John Lloyd (3 September 1833 – 6 June 1915) was a Welsh-born barrister who became a prominent figure in the local government of London.

The son of John Lloyd of Dinas, Brecon, he was educated at Bridgnorth Grammar School before attending St John's College, Oxford. He did not graduate, instead leaving Oxford to manage his family's estates in Breconshire, Monmouthshire and Herefordshire.

He had been introduced to cricket at Bridgnorth and along with brothers Penry Lloyd and Thomas Conway Lloyd became a regular wicketkeeper/batsman for the South Wales Cricket Club. In 1864, he captained the side on tour against "Gentleman of Sussex" in a match played at the Royal Brunswick Ground. The match featured the first ever century in the career of W.G.Grace who struck 170 guesting for the South Wales team just before his 16th birthday, including a second wicket partnership of 188 with his captain who recorded his career best of 82.

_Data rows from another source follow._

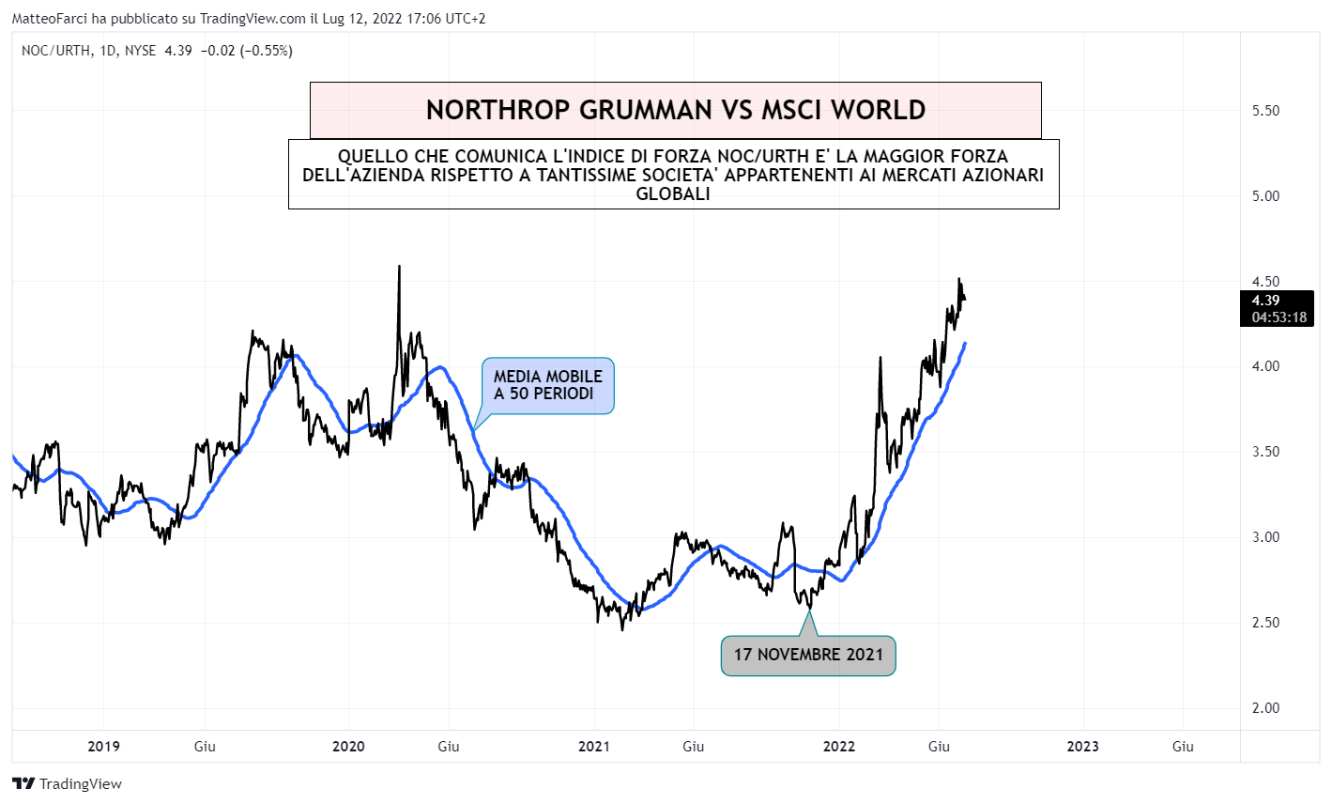 Indice di forza Northrop Grumman vs MSCI World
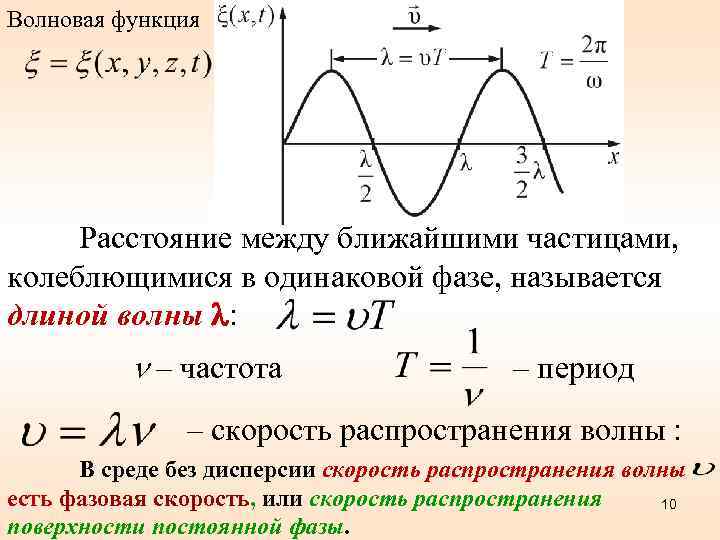 Волновая функция Расстояние между ближайшими частицами, колеблющимися в одинаковой фазе, называется длиной волны :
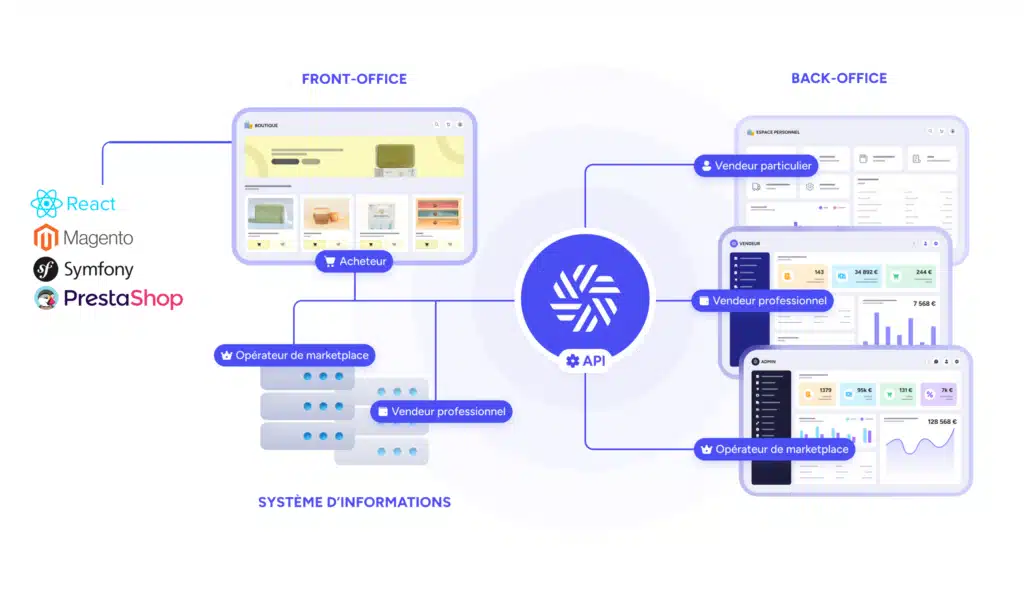 Stratégie Marketplace - Origami Marketplace - Logiciel marketplace
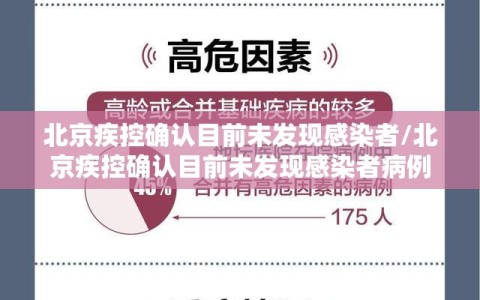 北京疾控确认目前未发现感染者/北京疾控确认目前未发现感染者病例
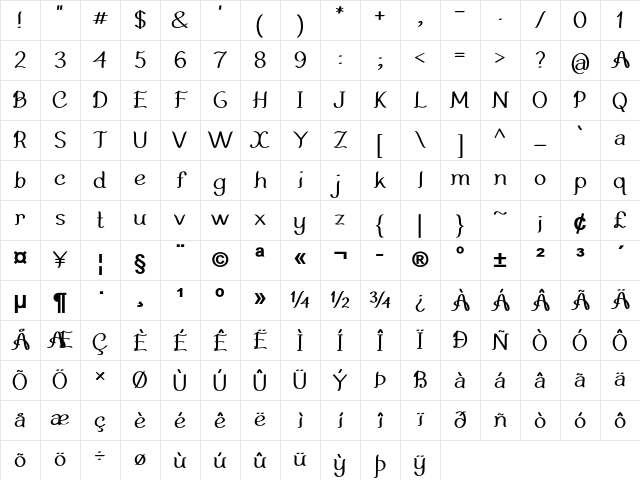 Forenbock Bold Character Map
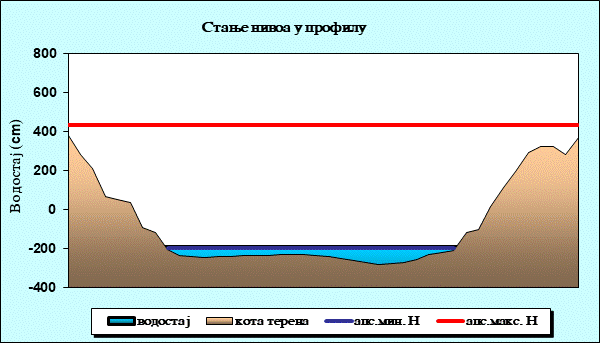 Стање нивоа у профилу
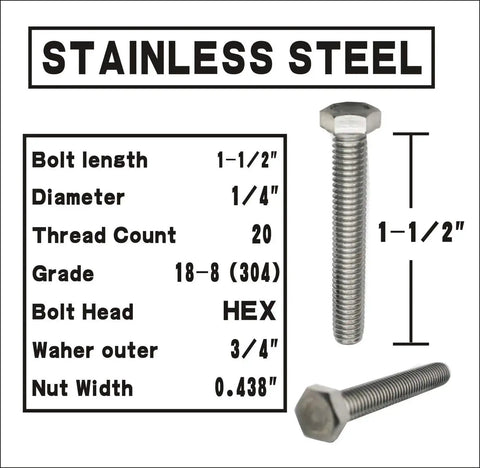 Heavy Duty Stainless Steel Hex Head Screws Bolts Set 1/4-20 X 1-1/2 Fully Threaded With Nuts Flat And Lock Washers 18-8 304 Stainless Includes 10 Sets, showing bolt dimensions.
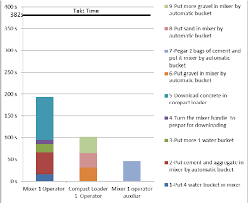 Operator Balance Hart Obc Current State Download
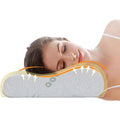 Ecosafeter Memory Foam Cervical Pillow – Orthopedic Neck Support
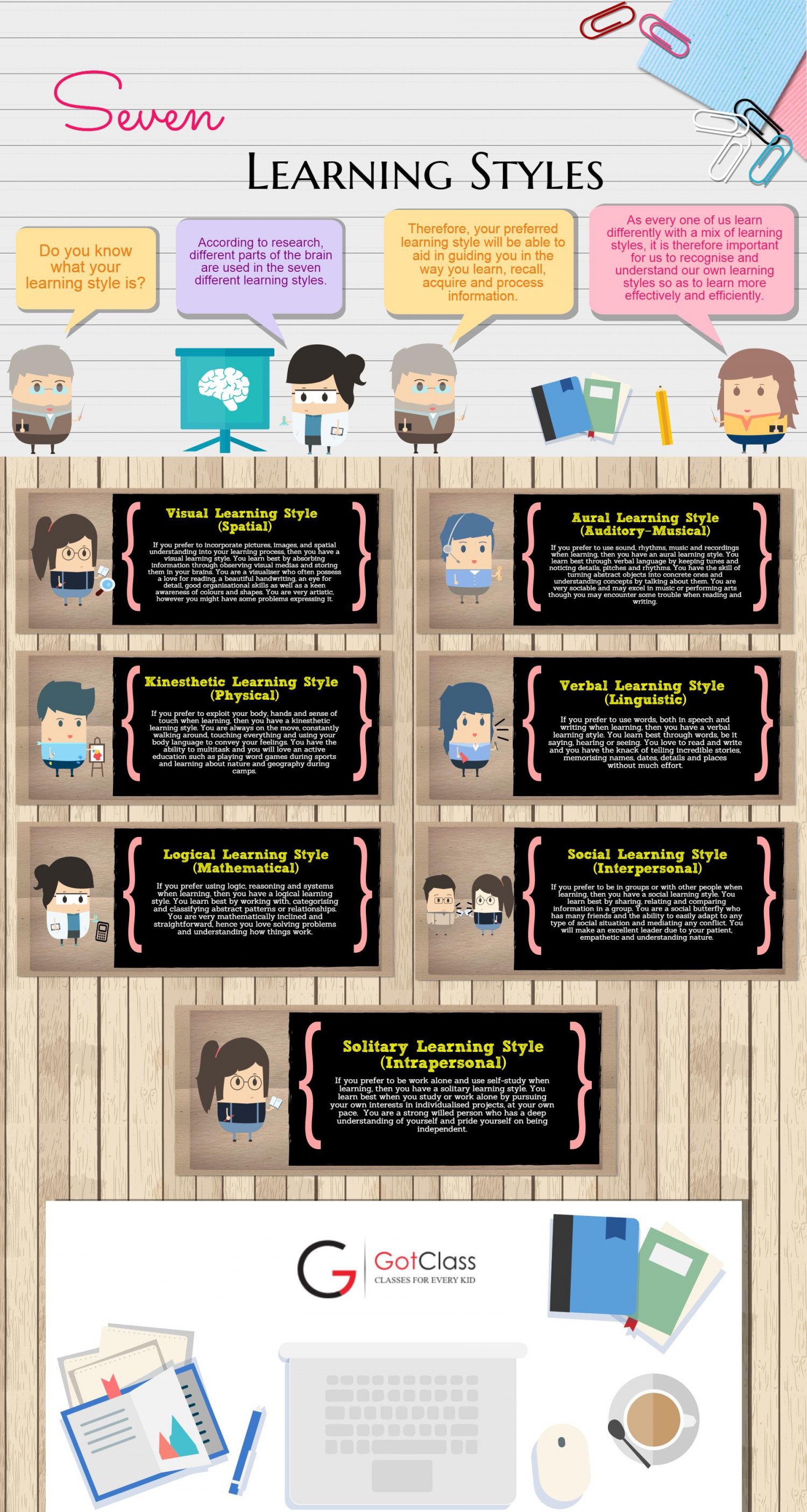 The Seven Learning Styles Infographic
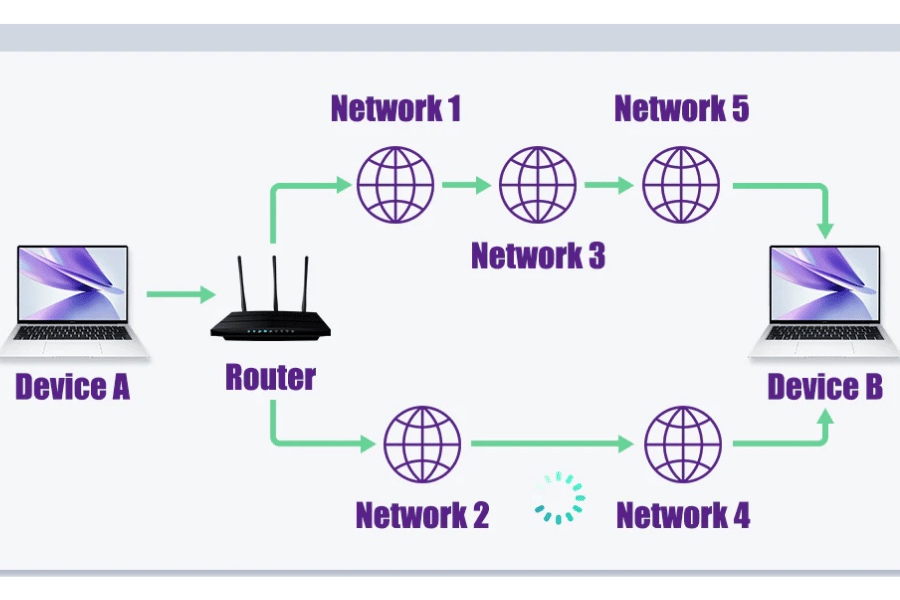 Understanding the Differences Between Layer 3 Switches and Routers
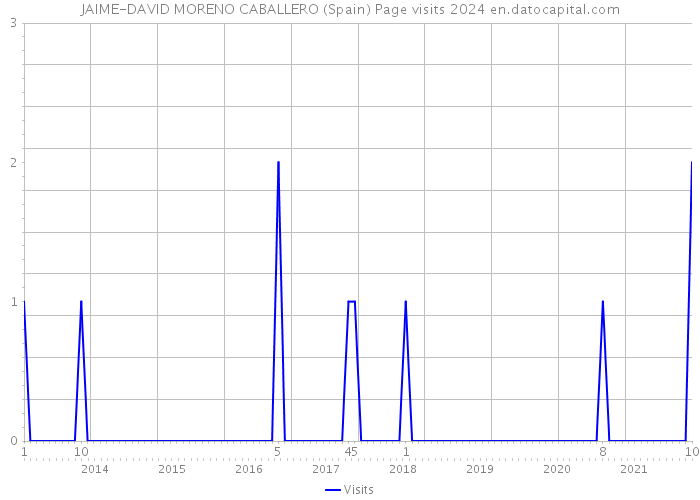 JAIME-DAVID MORENO CABALLERO (Spain) Page visits 2024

In 1877, Lloyd moved to London, where he was called to the bar at the Middle Temple. In London he became involved in local government, and as secretary of the London Municipal Reform League campaigned for the creation of the London County Council. When the first elections to the county council were held in January 1889, he was elected as a Progressive Party councillor representing North Kensington. Re-elected in 1892, he was defeated in 1895 and failed to regain his council seat at subsequent elections.

He died at his home in Bayswater, London in 1915, aged 81. He was buried in Talachddu, Breconshire.